Last Updated: February 27, 2012
With the registration deadlines for the SAT and ACT college admissions exams approaching rapidly, many high school seniors are beginning to feel the pressure. Although it's important to study for the actual content of the tests, it's equally important to be prepared for the exams themselves. Follow these study tips to tackle your college admissions exams with more confidence.
• Plan ahead: A lot of students feel stressed because registration deadlines take them by surprise. Get a calendar and make a note of the deadlines. If you want to take the next SAT test on May 5, you need to submit registration paperwork by the close of regular registration on April 6, or April 20 if you're submitting your application late. The next ACT exam date is April 14, so you'll need to send in your registration form by March 9.
• Establish a baseline score: A baseline score is your SAT or ACT test result with no studying time. Pick up a study book and take the sample exam without studying. This will give you your baseline score. As well as providing you with a better idea of how much of the material you know, establishing your baseline score will also help you identify the areas you're not so strong in.
• Work smarter, not harder: Once you've figured out which areas you're good at, you can spend more time studying for questions you found difficult when you took your baseline practice test. Again, preparation and planning will make studying easier and more effective, so keep a calendar of when you plan on studying, and what you'll be covering. Not only will this make it easier to keep to a schedule, it can provide you with a sense of accomplishment, which can boost confidence. Don't forget to pencil in time to take additional practice tests to see how you're improving.

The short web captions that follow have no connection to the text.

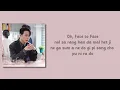 The Stray - Face to Face [Dynamite Kiss OST Part.5] {Easy Lyrics}
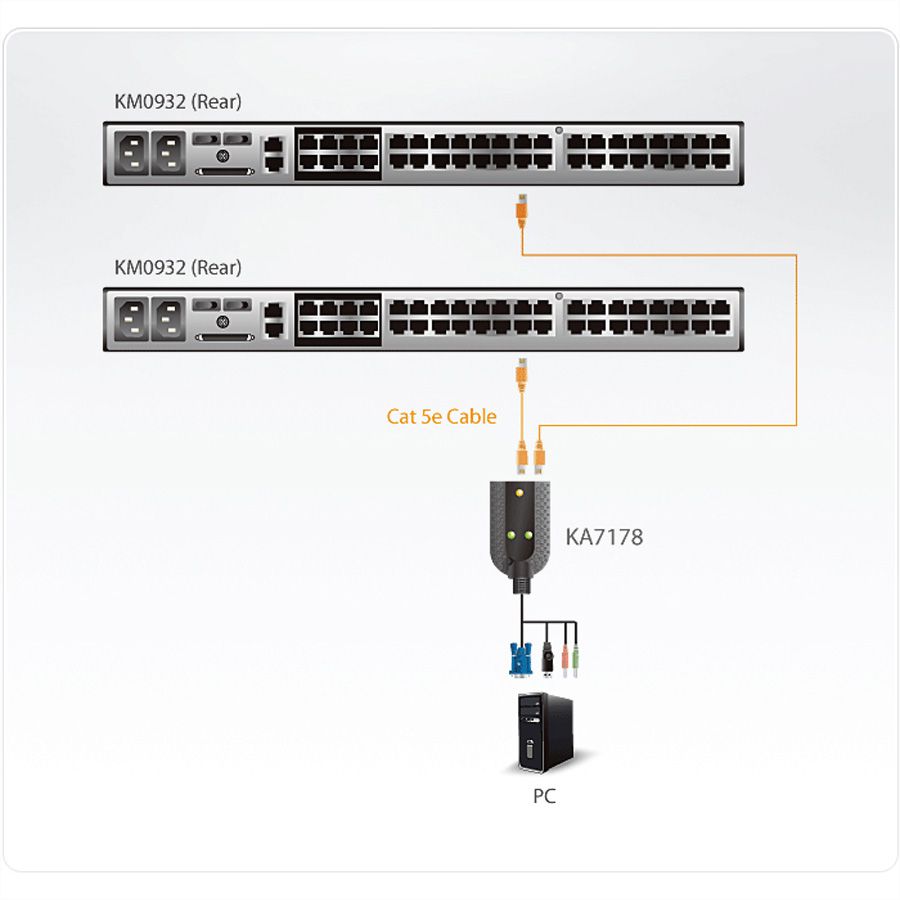 ATEN KA7178 VM CPU Kabel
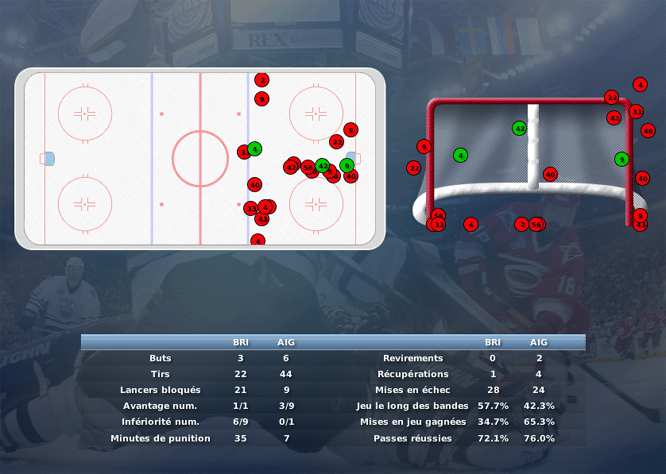 Gap Hockey League (Saison 2011-12) - Page 3 M2_b-316421a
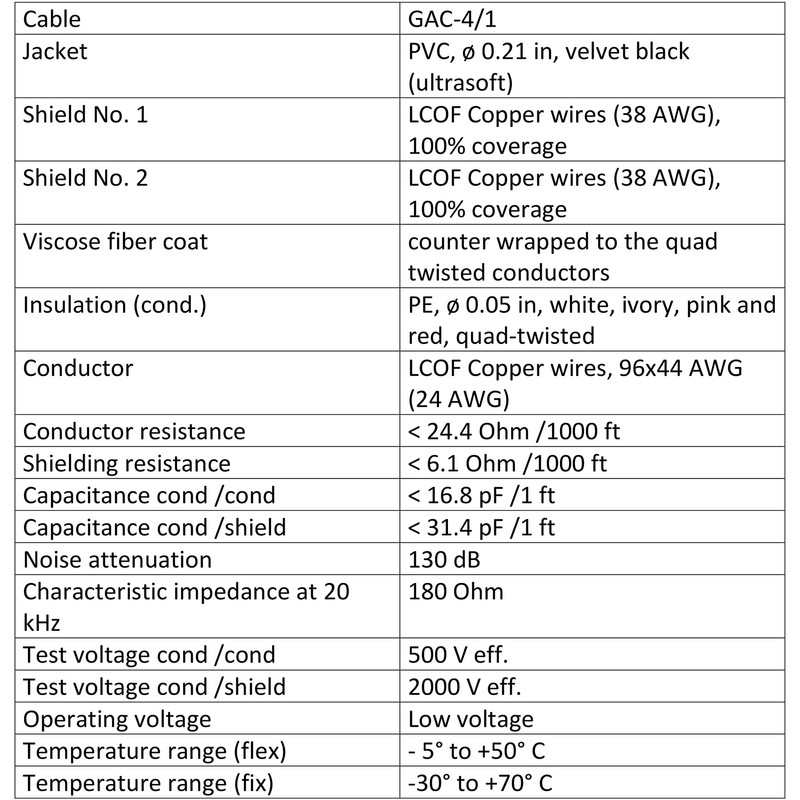 WORLDS BEST CABLES 0.5 Foot – TS to RCA Cable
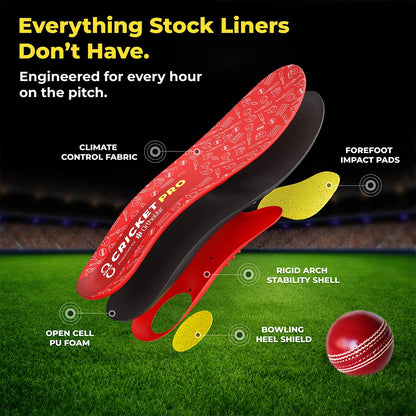 Cricket Pro insole callouts: climate-control fabric, forefoot pads, rigid arch shell, bowling heel shield, open-cell foam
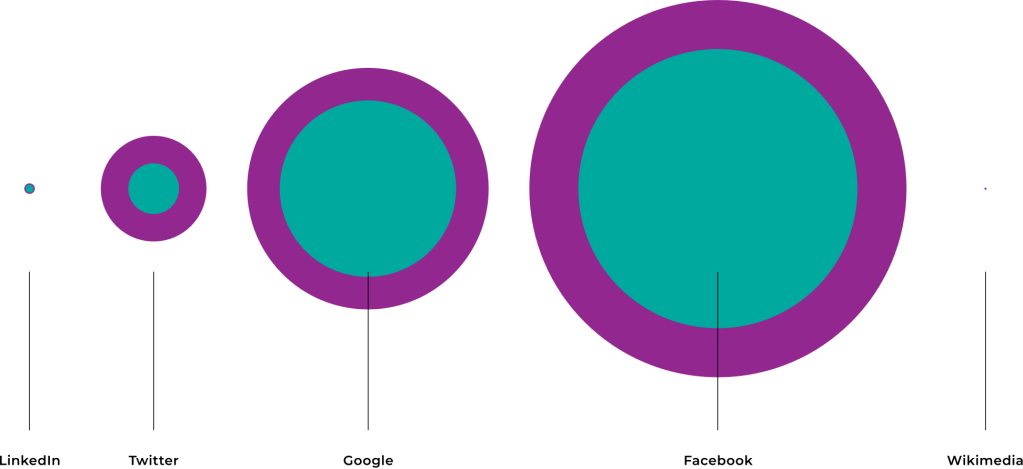 Comparison of user information requested and granted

• Approach the questions logically: For multiple choice questions, use the process of elimination. Figure out which options are incorrect before answering. Be careful and thorough – you are penalized a quarter of a point for wrong answers on the SAT. If you have any time left at the end of the test, go back and review your answers for mistakes. Although you should focus on answering the questions, try to allocate a roughly equal amount of time to each one so you don't fall behind or feel rushed toward the end of the test.
Above all, stay calm, plan ahead and good luck!